- _INPUT DATA_:
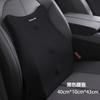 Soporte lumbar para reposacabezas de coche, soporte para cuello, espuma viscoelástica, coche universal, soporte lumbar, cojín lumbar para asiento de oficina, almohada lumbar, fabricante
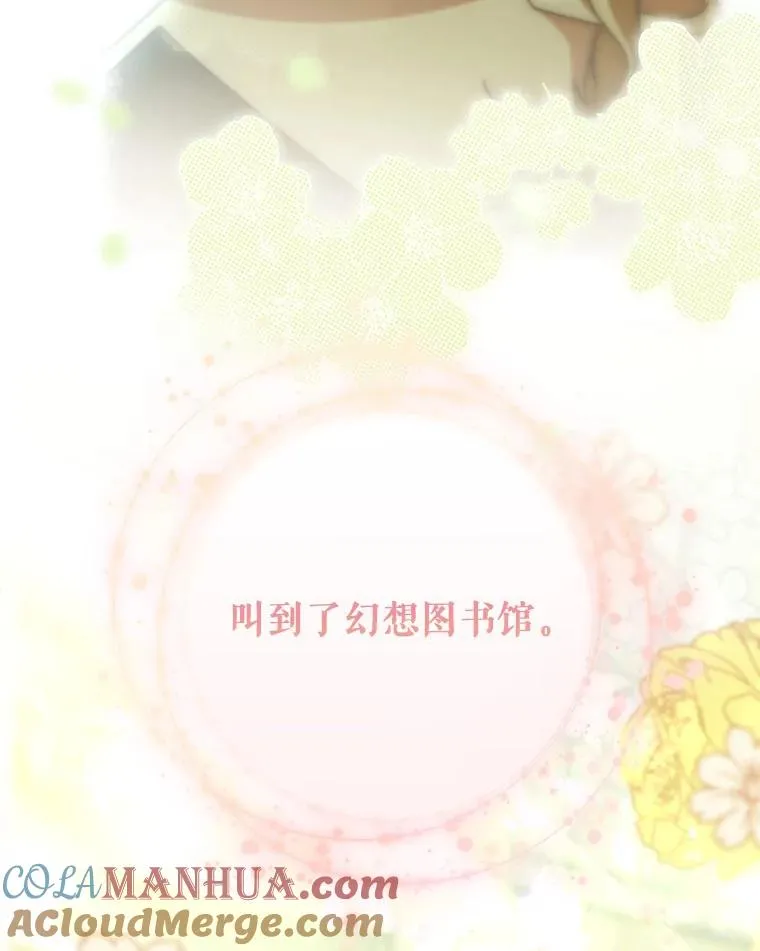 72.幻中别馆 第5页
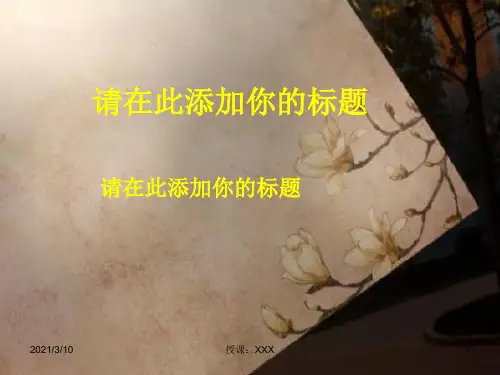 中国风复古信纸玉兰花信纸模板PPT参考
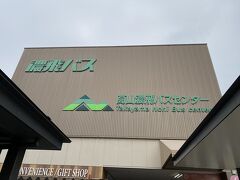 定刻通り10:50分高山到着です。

- _WORK REQUIRED_:
Return each line from the material above exactly, but not the pictures.

- _SOLUTION BELOW_:
 Soporte lumbar para reposacabezas de coche, soporte para cuello, espuma viscoelástica, coche universal, soporte lumbar, cojín lumbar para asiento de oficina, almohada lumbar, fabricante
 72.幻中别馆 第5页
 中国风复古信纸玉兰花信纸模板PPT参考
 定刻通り10:50分高山到着です。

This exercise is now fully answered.